The biggest carmaker of Germany, the emblematic Volkswagen (VW), is also tightening the screws. The VW management are demanding a wage freeze for the next two years and a 30% reduction in costs. If this is not possible 30,000 workers will be sacked. The unions on the other hand are demanding job security up to 2010 and a wage increase of 4%. The powerful IG-Metal union is refusing the austerity package presented by the management. The union leaders are still desperately trying to hold on to the old system of co-management, or “Mitbestimmung”, while the bosses abandoned this long ago and are on a course of open conflict with the labour movement and have been engaged in an unprecedented tug of war. Most trade unionists are in fact baffled by the bosses’ offensive.
The state-owned railways, Deutsche Bahn AG, have become one of the latest companies to unveil plans to lengthen the working week, from its present level of 38.5 hours to 40 hours, without any increase in wages. In return the company promises not to make further redundancies.
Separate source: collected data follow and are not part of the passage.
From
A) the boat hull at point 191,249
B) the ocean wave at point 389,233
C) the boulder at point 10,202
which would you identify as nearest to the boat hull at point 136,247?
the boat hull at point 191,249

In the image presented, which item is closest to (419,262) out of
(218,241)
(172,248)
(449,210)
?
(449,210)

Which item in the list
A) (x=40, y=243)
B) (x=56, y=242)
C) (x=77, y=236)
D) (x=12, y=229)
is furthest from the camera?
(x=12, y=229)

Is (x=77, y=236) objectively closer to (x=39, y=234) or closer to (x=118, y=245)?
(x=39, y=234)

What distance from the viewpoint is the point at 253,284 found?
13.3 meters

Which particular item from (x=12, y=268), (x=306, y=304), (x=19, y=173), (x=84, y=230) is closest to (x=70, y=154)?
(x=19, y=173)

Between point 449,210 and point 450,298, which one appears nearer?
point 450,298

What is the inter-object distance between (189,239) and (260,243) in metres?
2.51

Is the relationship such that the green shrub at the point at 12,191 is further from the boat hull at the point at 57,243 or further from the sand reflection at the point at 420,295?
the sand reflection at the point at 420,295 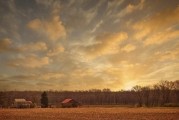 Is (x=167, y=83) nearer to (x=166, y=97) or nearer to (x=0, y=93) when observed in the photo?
(x=166, y=97)

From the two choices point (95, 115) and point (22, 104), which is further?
point (22, 104)

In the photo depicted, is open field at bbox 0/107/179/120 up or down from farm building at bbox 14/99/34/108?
down

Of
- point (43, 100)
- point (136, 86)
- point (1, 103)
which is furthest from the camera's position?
point (136, 86)

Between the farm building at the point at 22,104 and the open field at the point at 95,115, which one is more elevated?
the farm building at the point at 22,104

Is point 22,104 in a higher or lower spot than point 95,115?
higher

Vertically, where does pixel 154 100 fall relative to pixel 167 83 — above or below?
below

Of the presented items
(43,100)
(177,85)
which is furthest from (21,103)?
(177,85)

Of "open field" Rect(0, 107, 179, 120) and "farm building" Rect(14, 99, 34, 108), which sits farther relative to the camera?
"farm building" Rect(14, 99, 34, 108)

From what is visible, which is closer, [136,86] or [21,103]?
[21,103]

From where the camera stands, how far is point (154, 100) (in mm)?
163375

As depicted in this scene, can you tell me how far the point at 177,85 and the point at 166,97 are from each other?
19794 millimetres

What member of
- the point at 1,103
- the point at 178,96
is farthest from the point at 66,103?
the point at 178,96

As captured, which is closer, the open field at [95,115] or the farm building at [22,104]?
the open field at [95,115]

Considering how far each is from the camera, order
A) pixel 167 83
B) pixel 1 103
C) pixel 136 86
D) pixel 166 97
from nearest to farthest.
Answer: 1. pixel 1 103
2. pixel 166 97
3. pixel 167 83
4. pixel 136 86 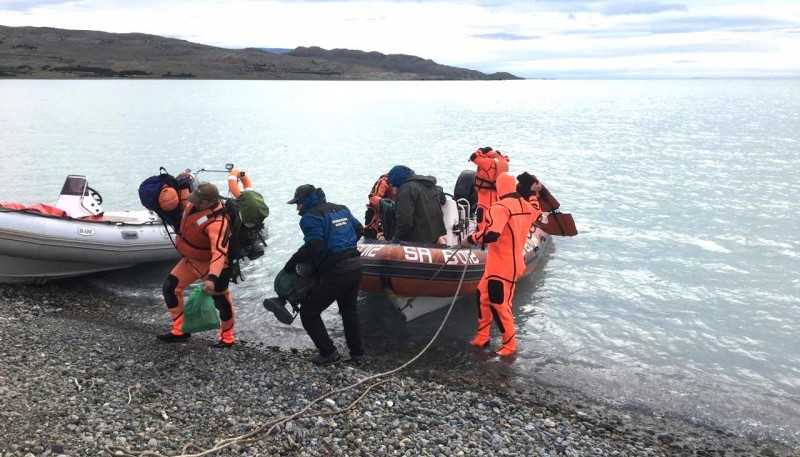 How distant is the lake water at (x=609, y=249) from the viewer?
674 cm

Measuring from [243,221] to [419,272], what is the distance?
6.79 feet

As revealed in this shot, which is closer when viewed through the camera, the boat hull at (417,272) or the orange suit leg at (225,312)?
the orange suit leg at (225,312)

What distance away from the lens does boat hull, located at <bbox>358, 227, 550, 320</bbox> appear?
6961 mm

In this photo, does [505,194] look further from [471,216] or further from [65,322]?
[65,322]

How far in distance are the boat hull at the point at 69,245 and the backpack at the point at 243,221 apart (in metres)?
3.29

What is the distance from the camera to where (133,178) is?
20.5 meters

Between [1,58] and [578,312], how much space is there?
127 m

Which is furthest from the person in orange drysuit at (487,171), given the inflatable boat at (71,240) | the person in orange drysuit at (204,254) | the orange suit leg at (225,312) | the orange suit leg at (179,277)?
the inflatable boat at (71,240)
In most cases wage differentials with east and central European countries are used to justify this attack. Wages in Hungary, Poland and other East European countries are indeed considerably lower than in Germany. However, the real meaning of this major onslaught of the German bosses against the working week and the old social reforms as a whole is that capitalism can no longer tolerate the welfare state, nor even German capitalism. If even one of the richest and most powerful economies in the world is increasingly becoming incompatible with basic welfare, we can imagine what can and will happen in other weaker countries.
The knock-on effects of this crisis are seeping into ever corner of German society. The Social Democratic, SPD, party of chancellor Gerhard Schröder, is facing its biggest crisis since the 1930s. Since 1998 the party has lost 200,000 members and is now falling close to the level of 600,000.
The uneasiness and dissatisfaction of the SPD rank and file is shown by one recent development. A handful of local trade union leaders in Bavaria got an unexpected echo in the ranks of the party when they published a critical appeal for more social justice. This grouping is threatening to set up a new political formation to stand in the 2006 elections. Their state aim is to attract all those voters the SPD has lost over the last few years. The SPD right-wing apparatus reacted immediately and decided on expulsions. Thus some of these local union leaders immediately became martyrs in the eyes of many of the rank and file.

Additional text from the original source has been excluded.